As mentioned above, the housing cooperatives do shape the urban space in Khenifra. Most of them are concentrated in the northern part of the city, being the area most conducive to urbanization. Through the process of creation and integration, the cooperative dwellings initially created outside the development perimeter are integrated into it. Henceforward, they fell today in the problem of off-site equipment like sanitation, electricity, roads and other infrastructure services and works, delayed in the absence of a master plan which has not been developed so far. Finally, the city fell in a crisis of urban governance and planning, which blocks today the Management Plan implementation in the northern part of the city.

8. Conclusion

The city is not only a prominent site for agglomeration, it is a promotion of economic development and capital accumulation.
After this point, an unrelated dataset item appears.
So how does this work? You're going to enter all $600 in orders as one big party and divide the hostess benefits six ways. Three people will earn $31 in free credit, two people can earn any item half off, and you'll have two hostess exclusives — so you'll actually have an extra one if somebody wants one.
Urbanization of society is part of its sustained development and the housing cooperatives still constitute a large harboring shelter for most of the citizen agglomerations in Morocco. The emergence of this associative movement and its remarkable development are real indicators of the State’s inability to carry out a clear and relevant policy on the production of building ground and sustainable urbanism. Therefore, it is time for the planners and decision-makers to call upon the national engineering know-how in the field of sustainable urban planning and development in Morocco to respond to urban development with international standards. The kingdom’s planners have to intervene to stop working with informality in the field of urbanism, curbing the randomized curse of urbanism sprawl at the expense of agriculture and green fields in the country on the expanse of informal and arcane real estate deals. Therefore, the purpose of this study is to determine how the housing cooperatives draw the urban map in Khenifra, where further investigation is encouraged in other Moroccan cities. Still, further solutions must be reproduced to cut the phenomenon.

NOTES

1Dahir No. 1-92-7 of 15 Hija 1412 (17 June 1992) promulgating Act No. 25-90 on allotments, housing groups, and subdivisions in Morocco has reduced the flexibility of regulatory developers.

2Low-cost housing project, which still falls short of needs.
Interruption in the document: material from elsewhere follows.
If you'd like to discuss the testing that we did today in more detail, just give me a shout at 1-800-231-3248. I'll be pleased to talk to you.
3These groups charge prices 20% to 30% lower than professionals based mainly on the tax exemption that manifests itself through a set of benefits such as registration fees, housing cooperatives are taxed at a reduced rate of 2.5% on the value of the land acquired instead of the normal rate of 5%. Besides, the deeds of the constitution and dissolution of cooperatives, as well as their bank bonding or mortgage deeds, are exempt from registration and stamp fees. Source: http://www.yabiladi.ma/.

4A Dahir is an Arabic word which means the Moroccan King’s decree.
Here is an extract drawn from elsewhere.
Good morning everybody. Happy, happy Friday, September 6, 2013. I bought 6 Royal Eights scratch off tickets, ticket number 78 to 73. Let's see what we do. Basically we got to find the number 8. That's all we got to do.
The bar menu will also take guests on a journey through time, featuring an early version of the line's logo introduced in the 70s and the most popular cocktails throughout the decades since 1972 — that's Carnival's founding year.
5Refer to the Official Gazette of November 27 page 1909.

6Apartments or buildings are distributed by size and location, and they can be sold profitably by the shareholders ( Carswell , 2012).

7Is an old Amazigh (Zayan) city in Morocco, which is always remembered by its historic leader Mouha Ou Hammou Zayani, the Atlas lion in the guerrilla battles against the French colonization in the mountains of Zayan (Marou, Azelmad, Hanzaz, & Bouzidi, 2019).

8Which means Valeur Immobilière Totale in French, or with low total real estate value (LRV) in English. It is a product of social housing which covers the area of 50 to 60 m2, this type of social housing is prohibited to exceed the price of 140,000 Dirhams all over the country. It is launched by the Ministry of Housing, Urbanism and Urban Policy, in 2008, to best meet the housing demands of middle class citizens, with the endeavors of the state to improve the living conditions of disadvantaged population.

9Land in an area suitable for building.

10Changed every decade (10 years) in Morocco, It is the hot-key for the coming procedures and documentation for construction.

11A public sector agency in charge of big and small construction projects validation.

Conflicts of Interest

The authors declare no conflicts of interest.